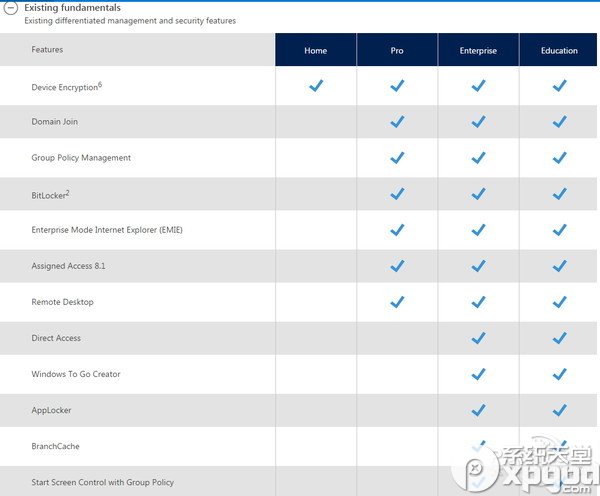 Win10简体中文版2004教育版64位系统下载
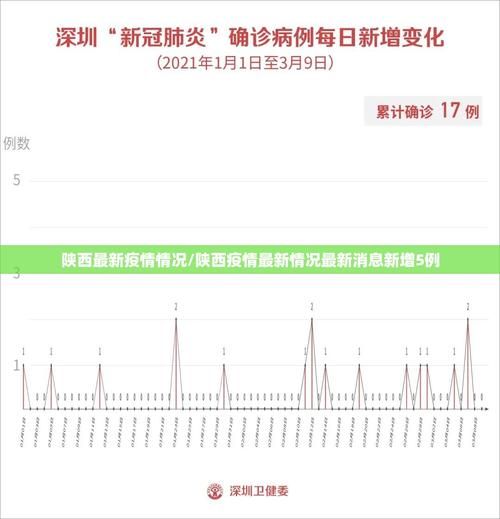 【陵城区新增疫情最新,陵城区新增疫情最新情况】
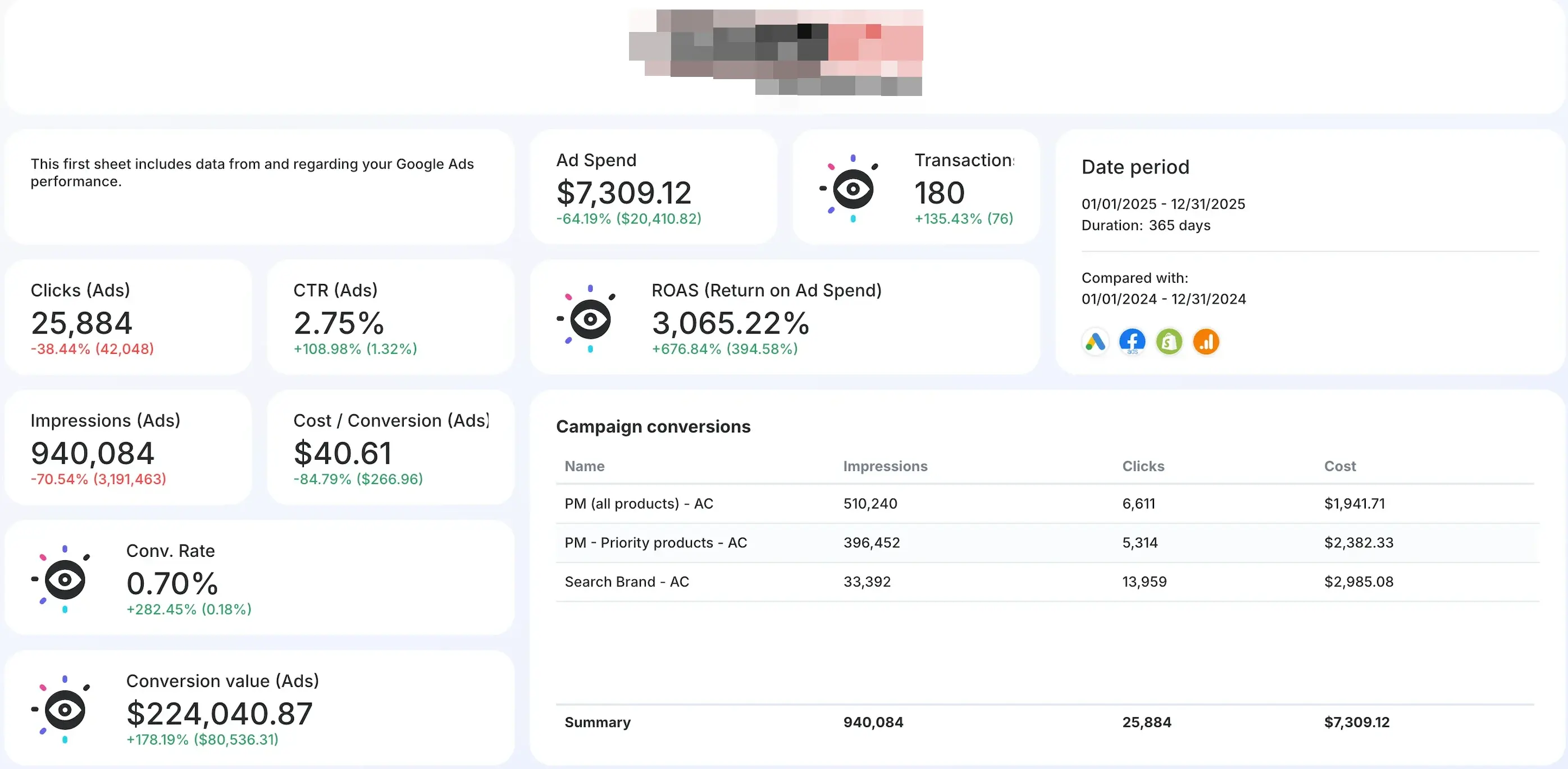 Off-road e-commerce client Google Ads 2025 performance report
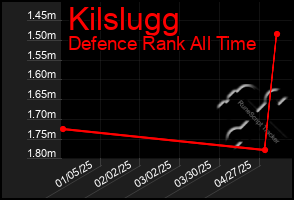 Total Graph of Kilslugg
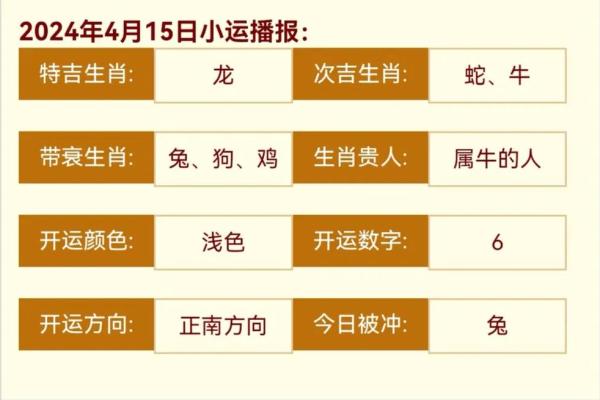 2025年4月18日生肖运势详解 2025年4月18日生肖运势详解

====

The whole listing above is to be printed again exactly; pictures stay out of it.

• _RESPONSE BOX_:
 Win10简体中文版2004教育版64位系统下载
 【陵城区新增疫情最新,陵城区新增疫情最新情况】
 Off-road e-commerce client Google Ads 2025 performance report
 Total Graph of Kilslugg
 2025年4月18日生肖运势详解 2025年4月18日生肖运势详解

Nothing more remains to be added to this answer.